#### DATA IN THIS EXERCISE
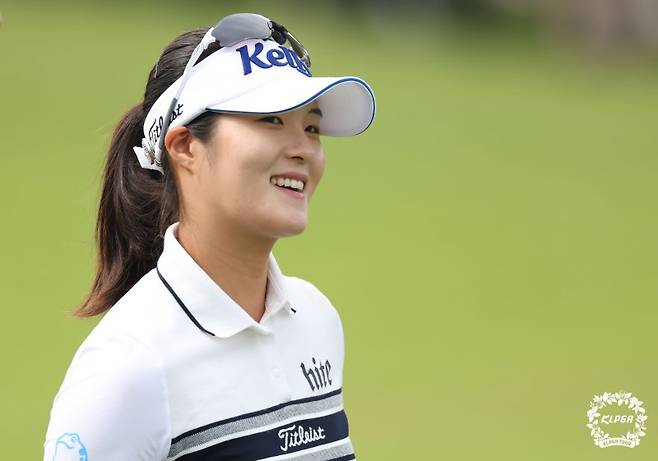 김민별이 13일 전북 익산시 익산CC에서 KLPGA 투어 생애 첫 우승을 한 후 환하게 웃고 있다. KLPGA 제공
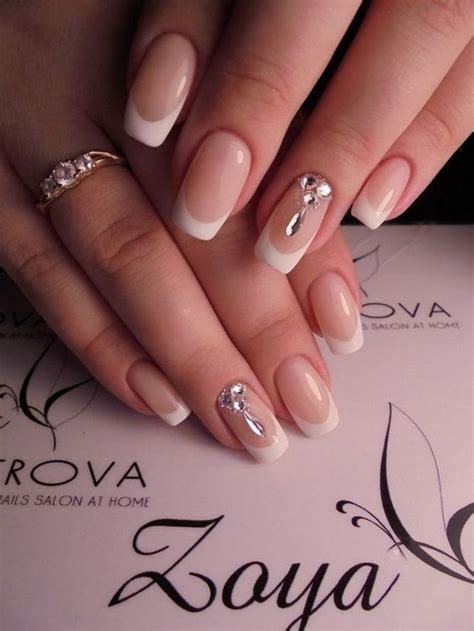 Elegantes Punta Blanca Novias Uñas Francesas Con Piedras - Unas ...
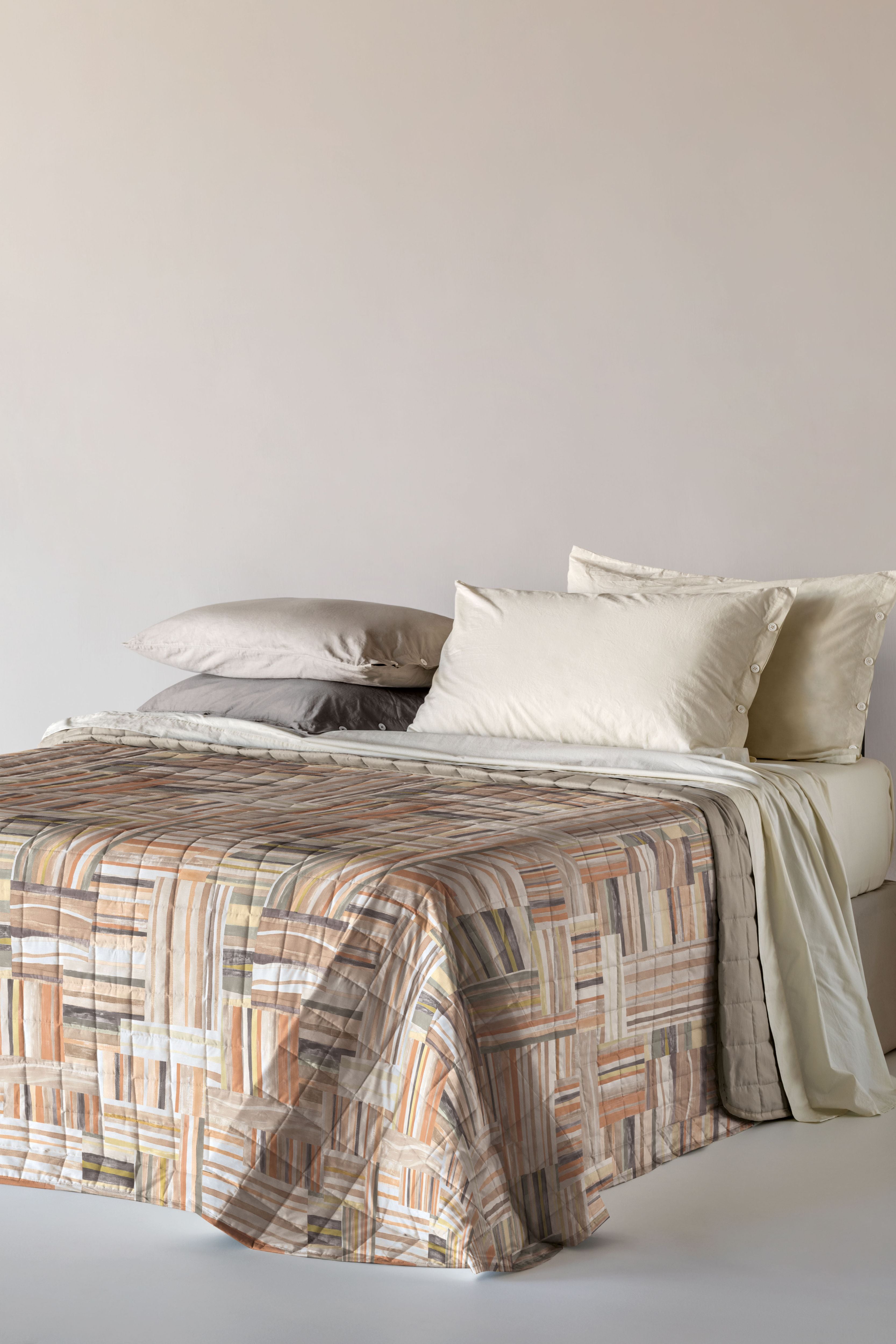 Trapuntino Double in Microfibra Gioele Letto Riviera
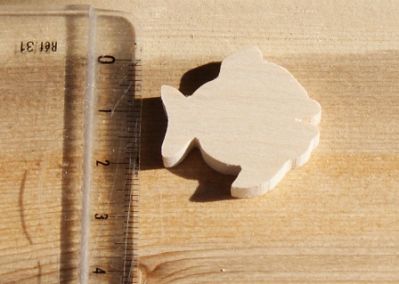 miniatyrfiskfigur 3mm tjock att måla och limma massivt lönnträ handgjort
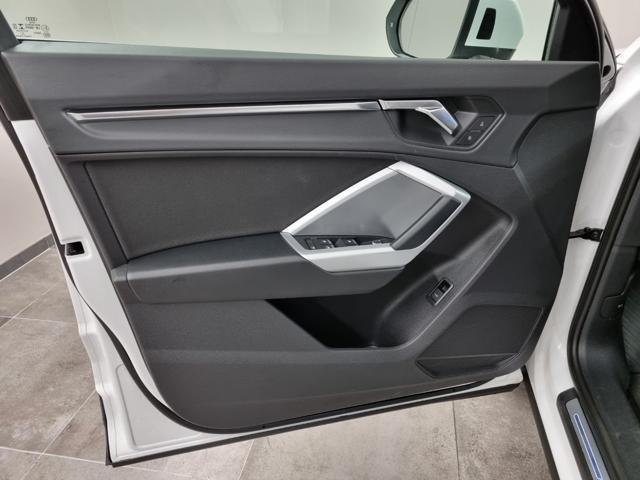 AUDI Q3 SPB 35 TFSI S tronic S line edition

==

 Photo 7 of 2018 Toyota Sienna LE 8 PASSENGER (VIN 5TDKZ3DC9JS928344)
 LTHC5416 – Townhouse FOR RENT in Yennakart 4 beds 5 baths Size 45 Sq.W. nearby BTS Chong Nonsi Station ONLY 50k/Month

#### EXERCISE DESCRIPTION
Using the data above, output the line that has "miniatyrfiskfigur 3mm tjock", the line that has "AUDI Q3 SPB 35 TFSI S tronic S line edition", and whatever lines fall between, each exactly as it stands and without pictures.

#### OUTPUT
 miniatyrfiskfigur 3mm tjock att måla och limma massivt lönnträ handgjort
 AUDI Q3 SPB 35 TFSI S tronic S line edition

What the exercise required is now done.